→ DATA SEGMENT
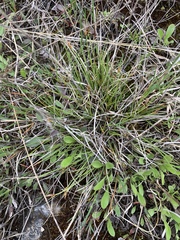 Carex tonsa rugosperma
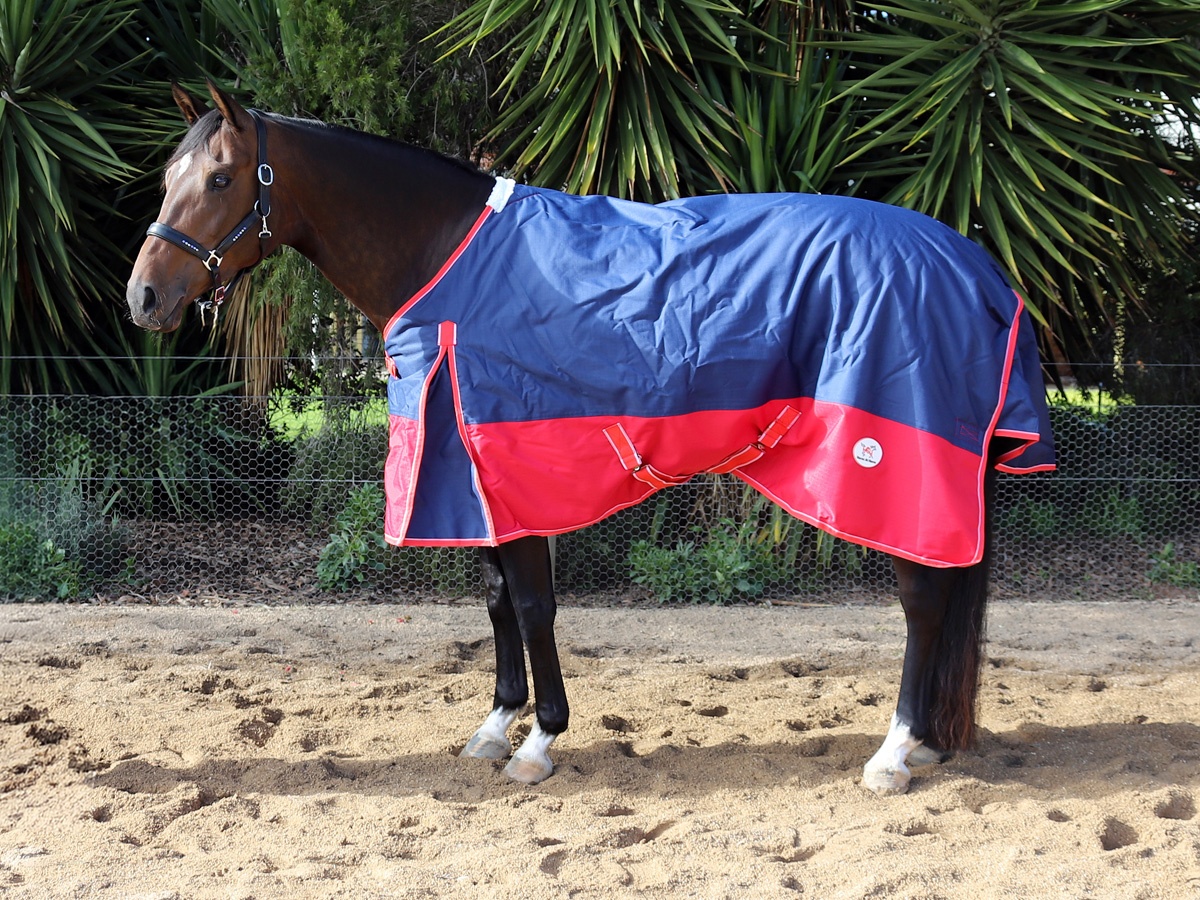 Winter Waterproof Turnout Rug Navy / Red 300g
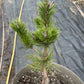 Pinus contorta 'Spaan's Dwarf' - 25-30 cm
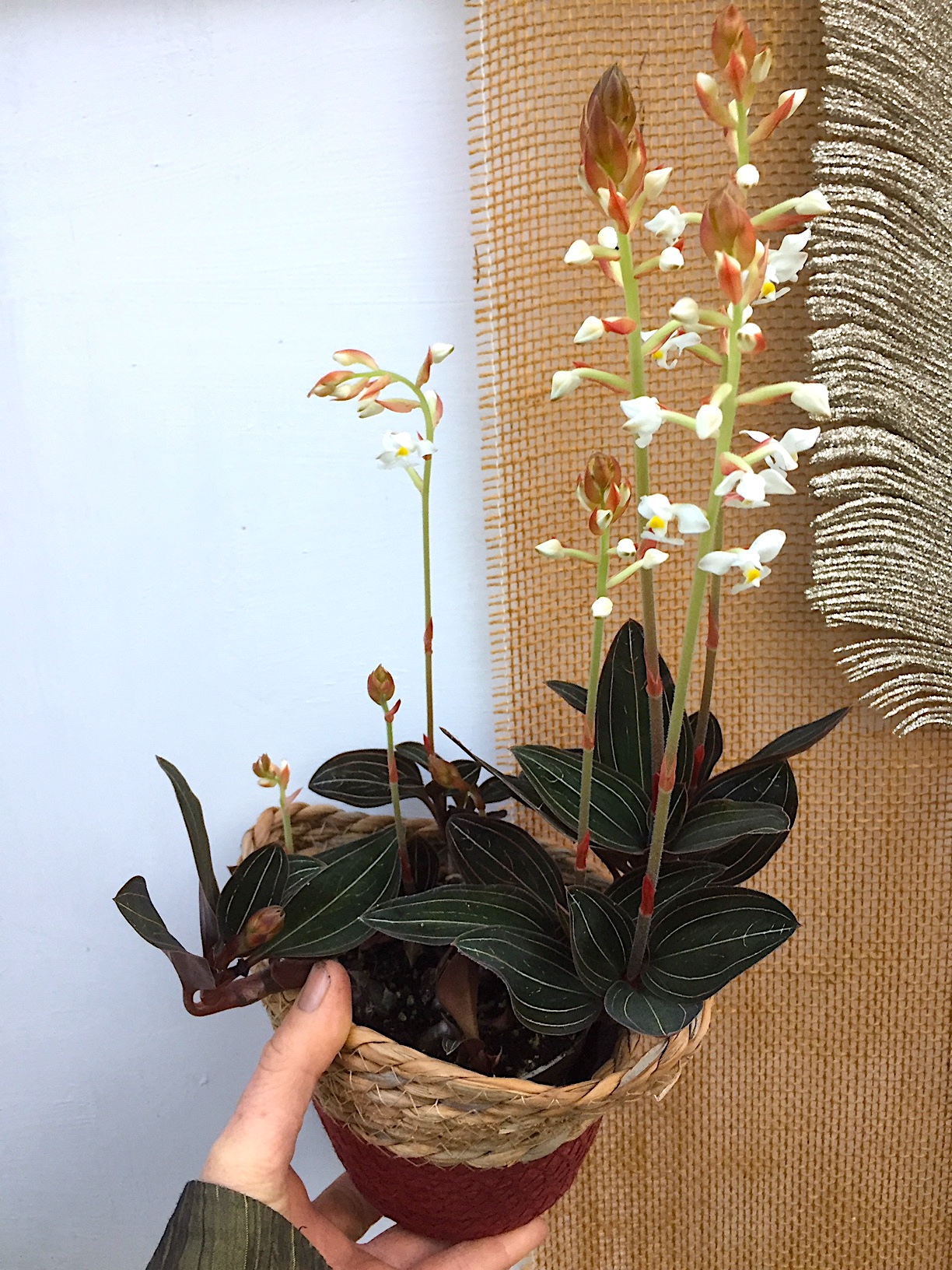 Ludisia discolor (i.12 cm T.) mit 3-5 Triebe, Juwelenorchidee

→ ABOUT THIS TASK
Starting at the line that contains "Winter Waterproof Turnout" and ending at the final line of the data, reproduce each line exactly. Pictures stay out of the copy.

→ ANSWER FOR THIS EXERCISE
 Winter Waterproof Turnout Rug Navy / Red 300g
 Pinus contorta 'Spaan's Dwarf' - 25-30 cm
 Ludisia discolor (i.12 cm T.) mit 3-5 Triebe, Juwelenorchidee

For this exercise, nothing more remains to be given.